On Monday of last week the Dow Jones Industrial Average tumbled more than 1000 points and the Standard & Poor’s 500 Index shed 3%, its worst day since 2022. At its lows last week, the S&P 500 was down nearly 10% from its recent all-time high, which is the marker for correction territory. The NASDAQ did fall more than 10%, decidedly into a correction. The drop could be blamed on a variety of factors including worries about the economy, the Fed being too slow to cut interest rates, geopolitical turmoil in Ukraine and the Mideast, along with uncertainties surrounding the U.S. political landscape.
The market rebounded and rallied impressively on Tuesday and Thursday with a volatile Wednesday in the middle and closed out the week with a stable trading day and moderately higher prices on Friday. The overall comeback from the lows was incredible, almost completely recovering weekly losses (mostly from Monday’s rout), leaving the major averages only mildly negative for the week. The Dow finished the week .6% lower at 39,498 – the S&P 500 ended just .04% lower at 5,344 – while the NASDAQ Composite edged .18% lower to 16,745. In short, the market was on a wild ride last week.

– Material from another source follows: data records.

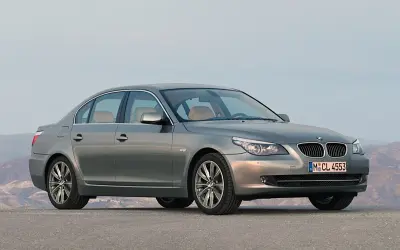 Szary sedan BMW 5 Series (E60) z jasnym wnętrzem stoi na pustej drodze, z górami w tle.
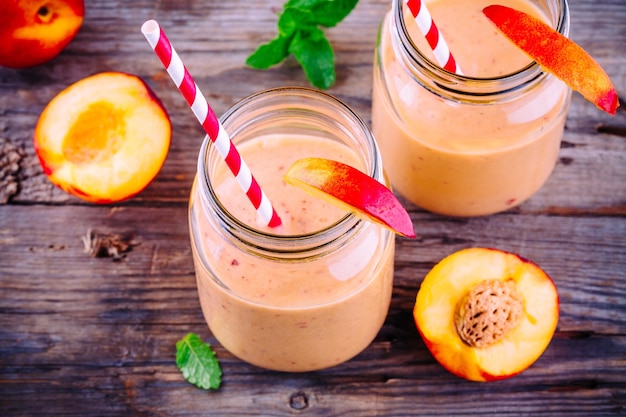 Nectarine smoothies in a mason jar with mint on wooden rustic background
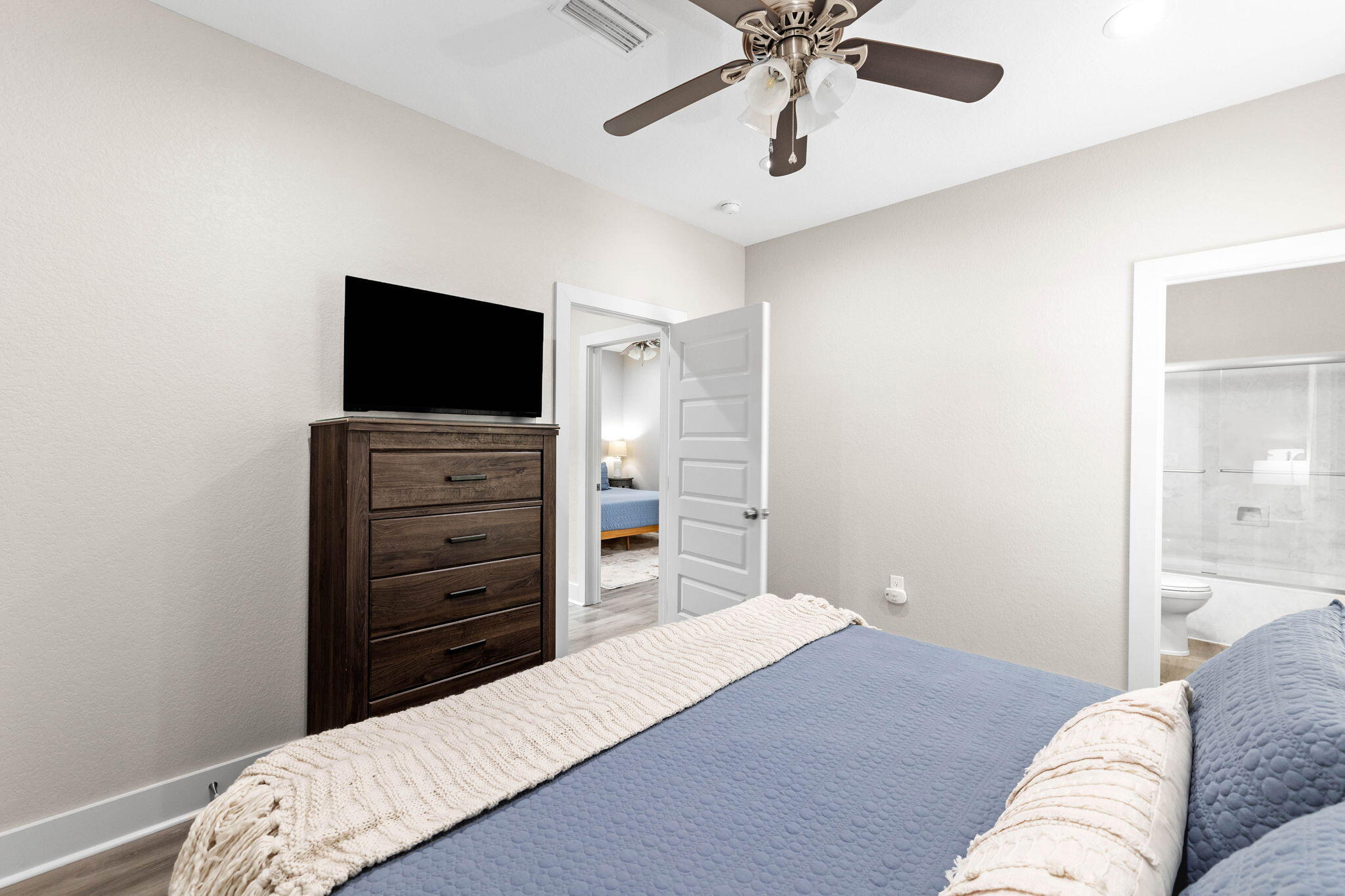 22 Mobile Street Miramar Beach, FL 32550 - Photo 32 of 55 a bedroom with a bed and a television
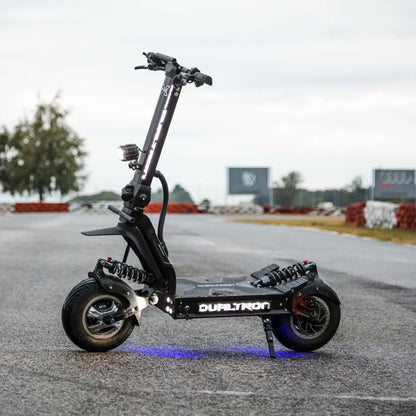 Električni skiro Dualtron X Limited parkiran na dirkališču z oblačnim nebom v ozadju.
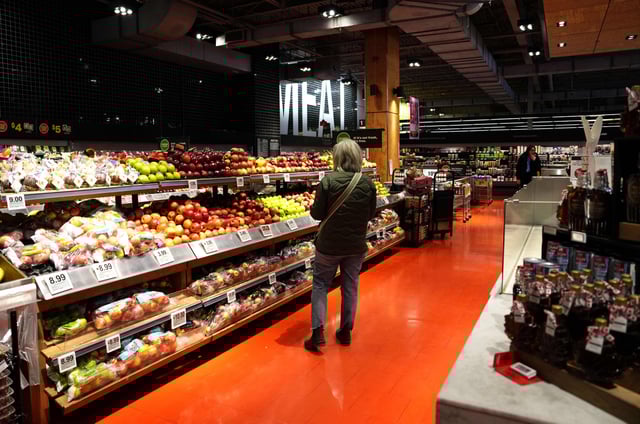 A customer looks for produce at a grocery store in Ottawa, on Wednesday, April 2, 2025. THE CANADIAN PRESS/Justin Tang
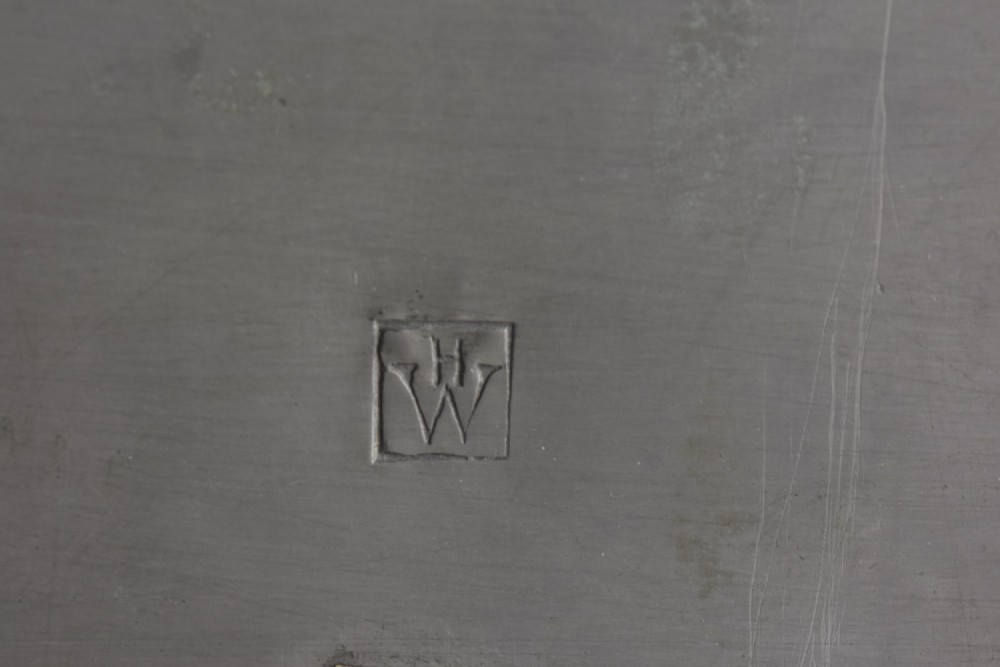 A square tapered hand-hammered pewter inkwell featuring a circular lid and stamped chevron borders around the edges. View V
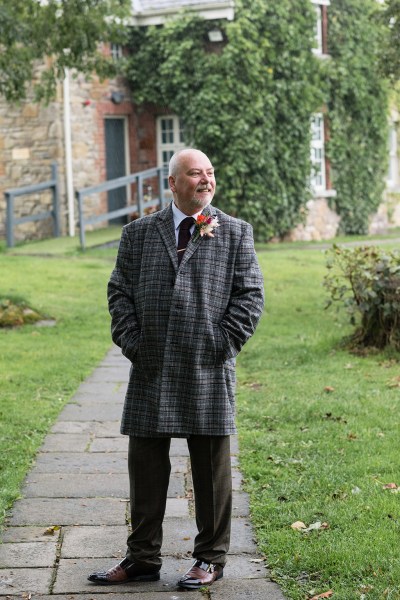 Groom stands on pathway near grass exterior shot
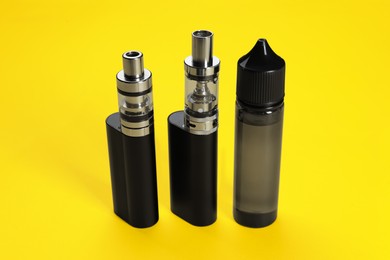 Photo of New reusable electronic cigarettes and vaping liquid on yellow background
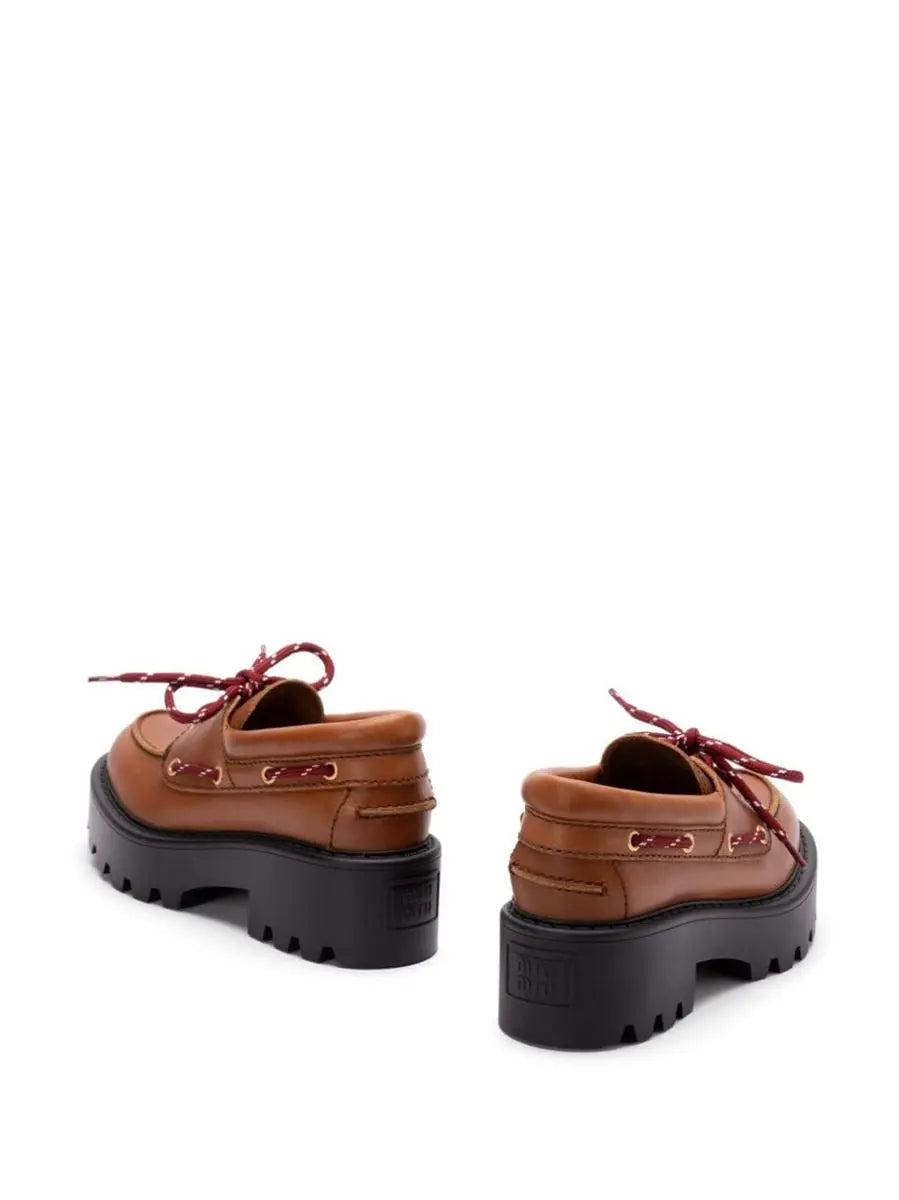 LEATHER LOAFERS MIU MIU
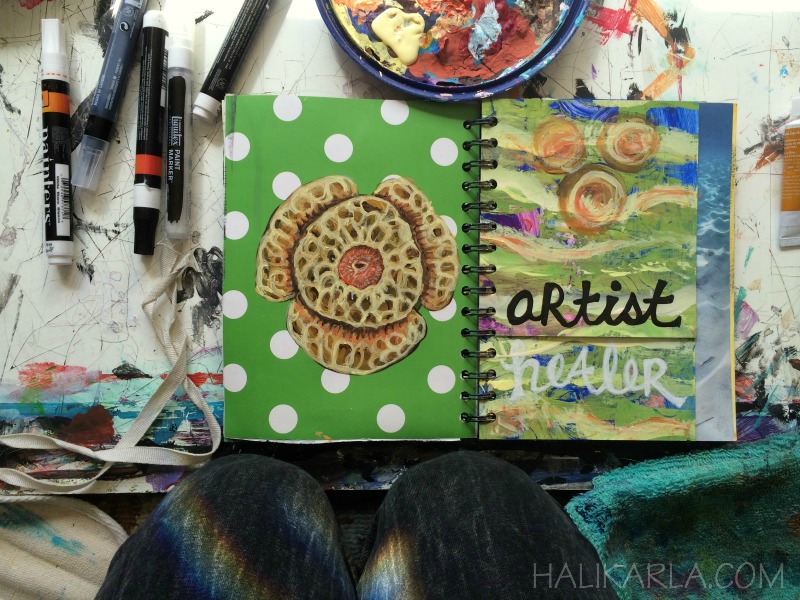 art journal page in process, altered book made of scraps and old paintings and old office supplies, bound at home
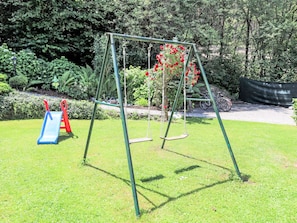 Ein Spielplatz mit Schaukel und Rutsche.
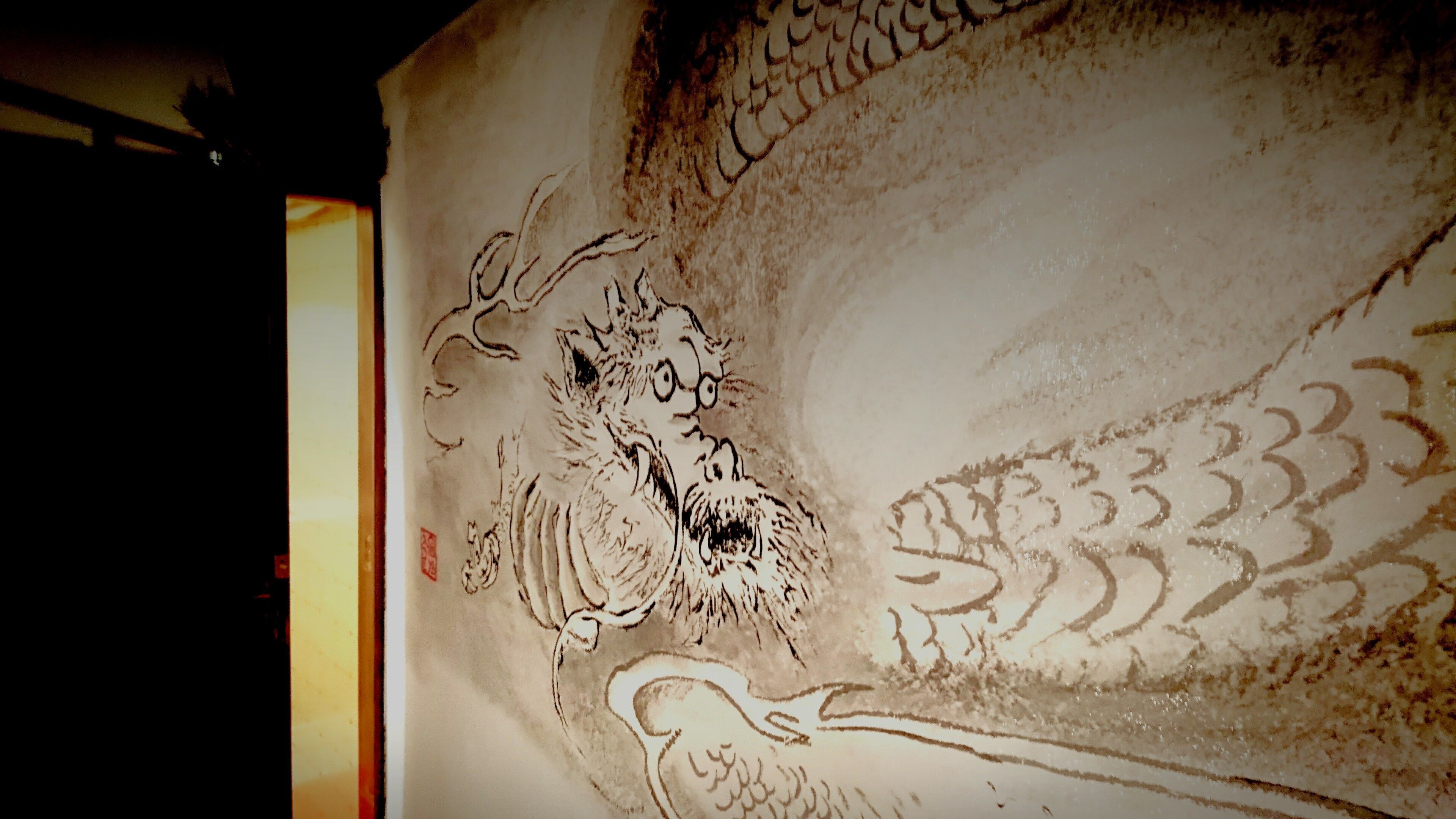 A detailed artwork with intricate patterns and figures, likely part of a larger mural or decorative panel.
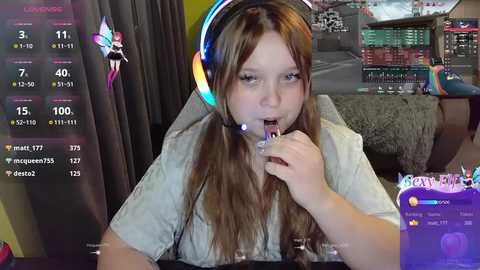 Media: Video of a young woman with long brown hair, wearing headphones, and a white shirt, playing a video game, surrounded by colorful gaming setup.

Like a roller coaster, the ride up in the stock market is often exhilarating and exciting, but the drops can be terrifying. While the recent market drop may or may not be over, the moves in the market of late and last week’s rebound illustrate some important investment points and lessons. First and foremost – don’t panic. Market participants who sold last Monday didn’t have to wait long before they regretted it. Long-term investors should not be tracking daily or weekly movement and should not be trying to time the market. Remember, we believe in time in the market, not timing the market!
Looking briefly to the week ahead, besides the momentum and mood of the market, we’ll be tracking the Consumer Price Index (inflation) report for July, scheduled to be released by the U.S Bureau of Labor Statistics on Wednesday morning. Expectations are the CPI increased 2.9% on a year-over-year basis, while core CPI which excludes food and energy is expected to have risen 3.2%. On the earnings front, the week is highlighted by a couple big retailers as Home Depot, and Walmart announce quarterly results.
Back to and beyond the roller coaster discussion, we’ll close by saying that you are most likely to get hurt during fast moving rides if you move around too much, or if you get off the ride before it is over.